La tendenza a classificare cose e situazioni, che si tratti della propria identità, del tipo di corpo o delle preferenze estetiche, è una parte naturale della vita online.
Le persone hanno un debole per nominare fenomeni digitali sfuggenti e TikTok ha solo accelerato l’uso di una nomenclatura estetica carina. Tutto ciò che è vagamente popolare online deve essere definito o decodificato e, in definitiva, ridotto a un insieme di vibrazioni commerciabili con un’etichetta kitsch.
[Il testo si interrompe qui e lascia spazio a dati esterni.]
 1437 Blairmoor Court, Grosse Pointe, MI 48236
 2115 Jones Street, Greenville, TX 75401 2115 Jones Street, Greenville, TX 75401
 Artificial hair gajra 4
Il mese scorso, Rachel Tashjian, fashion news director di Harper’s Bazaar, ha dichiarato che “stiamo vivendo una psicosi di massa che si esprime attraverso i rapporti sulle tendenze”. Nessuno è più sicuro della differenza tra “tendenza” e “informazione virale”. La distinzione però non sembra avere importanza, dal momento che TikTok – e il mercato dei consumatori – richiedono novità e quantità.
TikTok tira fuori dall’oscurità l’estetica digitale di nicchia e la offre al pubblico. Mentre i componenti estetici un tempo erano parte integrante della formazione delle sottoculture tradizionali, oggi hanno perso ogni significato in questo paesaggio visivo guidato da algoritmi. Immagini e atteggiamenti sottoculturali vengono invece raggruppati sotto un’etichetta onnipresente e indefinibile di “tendenza virale” – qualcosa che può essere demistificato, imitato, venduto e acquistato.
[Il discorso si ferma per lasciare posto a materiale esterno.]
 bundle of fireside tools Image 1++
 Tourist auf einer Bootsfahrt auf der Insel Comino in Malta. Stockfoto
Il “Trend Brain” come lo definisce Terry Nguyen, ci incoraggia a semplificare tutto online in qualcosa di acquistabile, comprensibile o etico (e quindi degno di consumo). I consumatori sono lasciati coinvolgere dagli indicatore che definiscono quanto qualcosa è cool.
Oggi, il problema è il fatto che i consumatori moderni sono bombardati da un flusso infinito di tendenze irrilevanti di cui prendere nota: navi di marketing per prodotti che rientrano in un paradigma privo di significato. Se tutto è trend, nulla è più trend.